A cash-heavy balance sheet is often a sign of strength, but not always. Some companies avoid debt because they have weak business models, limited expansion opportunities, or inconsistent cash flow.

Just because a business has cash doesn’t mean it’s a good investment. Luckily, StockStory is here to help you separate the winners from the losers. Keeping that in mind, here is one company with a net cash position that balances growth with stability and two best left off your watchlist.

Two Stocks to Sell:

Sonos (SONO)

Net Cash Position: $160.5 million (13.5% of Market Cap)

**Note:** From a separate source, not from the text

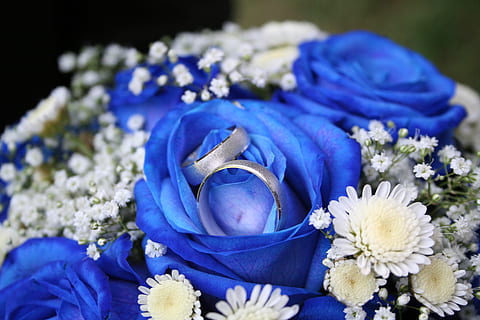 roses, rings, liabilities, flowering plant, flower, blue, plant, purple, close-up, beauty in nature, nature, freshness, no people, indoors, selective focus, fragility, vulnerability, inflorescence, petal, flower head, focus on foreground, jewelry, white color, black background, flower arrangement, softness, bouquet, 2K, CC0, public domain, royalty free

A pioneer in connected home audio systems, Sonos (NASDAQ: SONO) offers a range of premium wireless speakers and sound systems.

Why Should You Sell SONO?

  1. Sales tumbled by 6.3% annually over the last two years, showing consumer trends are working against its favor
  2. Suboptimal cost structure is highlighted by its history of operating margin losses
  3. Negative returns on capital show management lost money while trying to expand the business

Sonos’s stock price of $9.93 implies a valuation ratio of 47.3x forward P/E. Dive into our free research report to see why there are better opportunities than SONO.

Bank of Hawaii (BOH)

Net Cash Position: $102.4 million (3.9% of Market Cap)

Founded in 1897 as a financial anchor for the newly annexed Hawaiian territory, Bank of Hawaii (NYSE: BOH) is a financial institution providing banking, investment, and insurance services primarily to customers in Hawaii, Guam, and other Pacific Islands.

Why Are We Wary of BOH?

  1. Net interest income was flat over the last four years, indicating it’s failed to expand this cycle
  2. Net interest margin of 2.2% reflects its high servicing and capital costs
  3. Sales over the last five years were less profitable as its earnings per share fell by 6.8% annually while its revenue was flat

At $65.22 per share, Bank of Hawaii trades at 1.8x forward P/B. Check out our free in-depth research report to learn more about why BOH doesn’t pass our bar.

One Stock to Watch:

LegalZoom (LZ)

Net Cash Position: $195.4 million (12.6% of Market Cap)

Founded by famous lawyer Robert Shapiro, LegalZoom (NASDAQ: LZ) offers online legal services and documentation assistance for individuals and businesses.

Why Do We Like LZ?

  1. Subscription Units have grown by 10.5% annually, allowing for more profitable cross-selling opportunities if it can build complementary products and features
  2. Share buybacks catapulted its annual earnings per share growth to 289%, which outperformed its revenue gains over the last three years
  3. Free cash flow margin jumped by 13.1 percentage points over the last few years, giving the company more resources to pursue growth initiatives, repurchase shares, or pay dividends

LegalZoom is trading at $8.65 per share, or 9x forward EV/EBITDA. Is now the right time to buy? See for yourself in our full research report, it’s free.

High-Quality Stocks for All Market Conditions

Market indices reached historic highs following Donald Trump’s presidential victory in November 2024, but the outlook for 2025 is clouded by new trade policies that could impact business confidence and growth.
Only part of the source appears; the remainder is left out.